数字で読み解く「ブランドの透明性の力」/社会貢献活動を報告・共有する時に求められるポイントとは

メルカリのホワイトペーパー公開から学べること

 ブランドの透明性に関して、もう1つの側面にも注目したい。

 別の研究によれば、消費者は企業の「完璧な成果」よりも、「誠実な途中経過」に信頼を寄せる傾向があるとされる。課題や失敗を隠さずに開示できる企業ほど、「誠実で一貫している」と評価されやすい

 たとえば、2025年に社会的な関心を集めたニュースで、ファーストフードチェーンの景品や新型ゲーム機のマーケットプレイスなどでの高額転売問題があった。この事案を受けて、マーケットプレイス大手のメルカリは、この10月に「マーケットプレイスの基本原則」ホワイトペーパーを公表。意思決定の背景や議論の過程、外部有識者との意見の相違までを明示し、「なぜ」「どのように決定したのか」を社会と共有した。

メルカリ、「マーケットプレイスの基本原則」や新たに定めた対応方針に関するホワイトペーパーを公開
メルカリ、「マーケットプレイスの基本原則」や新たに定めた対応方針に関するホワイトペーパーを公開

 さらに、同社は8月に「透明性レポート」を発行し、不正利用者の排除や被害者救済策の進捗を開示している。そこでは、成果だけでなく課題や対応状況を具体的な数値とともに、捜査機関からの開示要請件数や令状対応件数といった、一般には伏せられがちなリスク情報までを公表している。
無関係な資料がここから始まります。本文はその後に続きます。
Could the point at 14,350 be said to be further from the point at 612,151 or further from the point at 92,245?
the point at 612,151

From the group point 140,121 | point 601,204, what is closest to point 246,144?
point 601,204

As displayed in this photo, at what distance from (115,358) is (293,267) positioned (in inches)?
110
 この一連の開示姿勢は、「消費者と課題を共有しながら改善を重ねる」というブランド透明性を意識した消費者との信頼構築アプローチにも見える。課題を含めた途上の努力を定常的に見せることは、社会課題を意識したマーケティング・コミュニケーションの本質とも言えるが、このケースは誠実さを通じて信頼という社会的資本を積み上げ、ブランド価値を持続的に維持していこうとする実践的な事例とも言えるのではないだろうか。

語るブランドから、行動し続けるブランドへ

 今の消費者は、企業が「何を語るか」ではなく、「どう行動し続けるか」を見ているとも言われる。
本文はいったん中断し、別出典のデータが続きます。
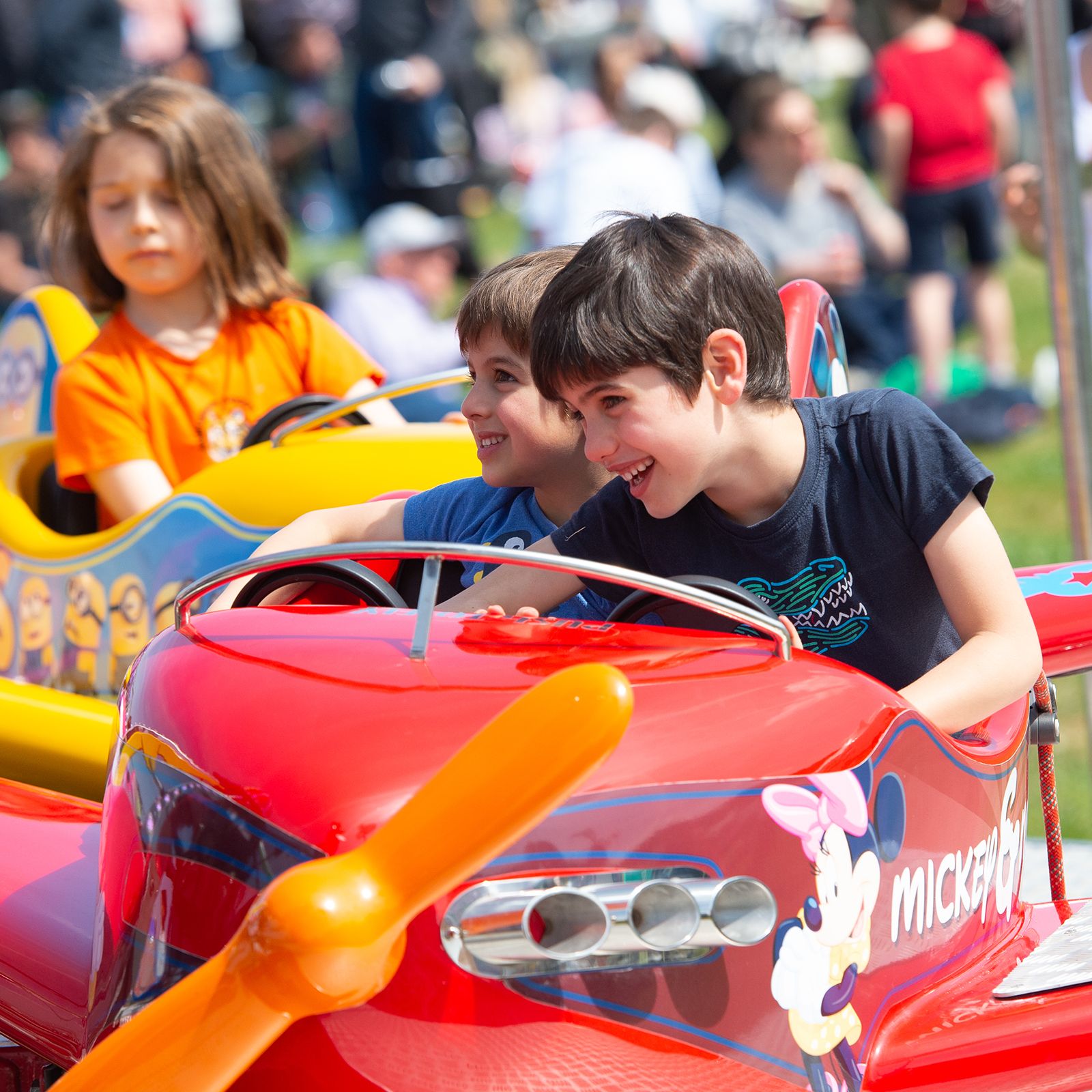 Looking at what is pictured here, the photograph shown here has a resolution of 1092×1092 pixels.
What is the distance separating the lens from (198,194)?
3.34 m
 特に若年層は、企業の社会貢献活動を「良い話」として一時的に評価しても、その後の継続や変化が見えなければ、ブランディングの観点からは「社会貢献と収益の両輪」にはつながりにくい。むしろ、過度に「良いこと」を強調する企業ほど、押しつけがましさや不自然さを感じさせるリスクすらある。
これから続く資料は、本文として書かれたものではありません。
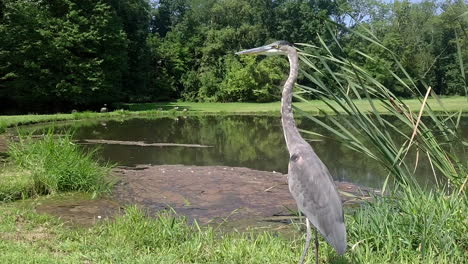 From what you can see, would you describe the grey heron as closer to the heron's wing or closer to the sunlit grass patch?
the heron's wing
 企業の社会貢献は、信頼を軸にブランドの経済的持続力を高める戦略行動であるとも言えるのだ。

 その成果をブランド戦略に活かすためには、成功例の報告だけでなく、課題や未達も含めた「途上の努力」を開示することが欠かせない。言い換えれば、「完璧さ」よりも「(裏切らない)一貫性」、「成果」よりも「失敗からの学び」が、ブランドへの信頼を築いていくことになる。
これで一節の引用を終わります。